Start of Block

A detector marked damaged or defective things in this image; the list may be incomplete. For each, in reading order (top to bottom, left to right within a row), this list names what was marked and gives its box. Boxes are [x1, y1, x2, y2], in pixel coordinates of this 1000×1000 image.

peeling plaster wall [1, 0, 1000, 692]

End of Block
Start of Block

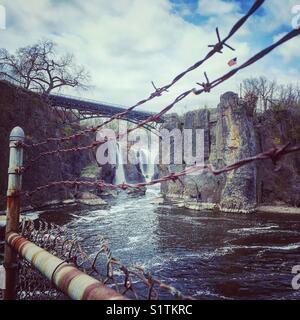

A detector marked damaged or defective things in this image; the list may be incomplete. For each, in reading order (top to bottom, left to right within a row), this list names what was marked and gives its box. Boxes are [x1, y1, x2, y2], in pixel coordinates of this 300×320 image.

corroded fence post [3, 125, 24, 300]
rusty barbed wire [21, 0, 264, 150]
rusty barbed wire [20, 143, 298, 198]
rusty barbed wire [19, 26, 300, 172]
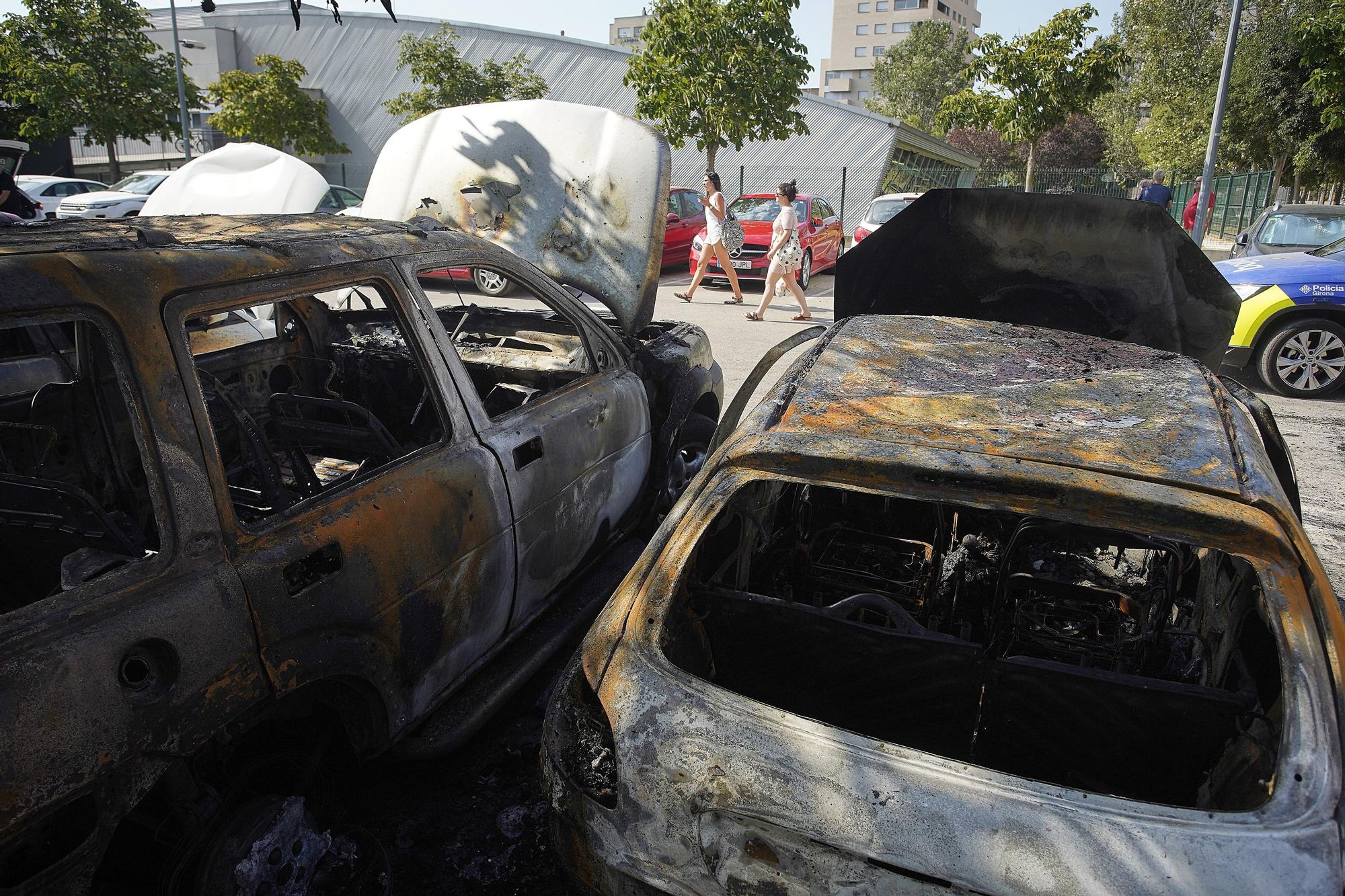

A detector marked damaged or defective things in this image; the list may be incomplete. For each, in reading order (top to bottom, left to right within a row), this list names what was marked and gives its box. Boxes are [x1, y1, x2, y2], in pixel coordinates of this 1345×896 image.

End of Block

Return the material from the line containing "this 300×320 image." through the line containing "this 1345×896 image.", exactly and in full, but without its pictures.

COMPLETED EXERCISE:
A detector marked damaged or defective things in this image; the list may be incomplete. For each, in reading order (top to bottom, left to right within a row), this list names what was marked and gives its box. Boxes are [x1, y1, x2, y2], in pixel coordinates of this 300×320 image.

corroded fence post [3, 125, 24, 300]
rusty barbed wire [21, 0, 264, 150]
rusty barbed wire [20, 143, 298, 198]
rusty barbed wire [19, 26, 300, 172]

A detector marked damaged or defective things in this image; the list may be incomplete. For each, in reading order (top to bottom, left to right within a row), this list names what was marked and gives its box. Boxes are [x1, y1, x2, y2], in pixel coordinates of this 1345×896 image.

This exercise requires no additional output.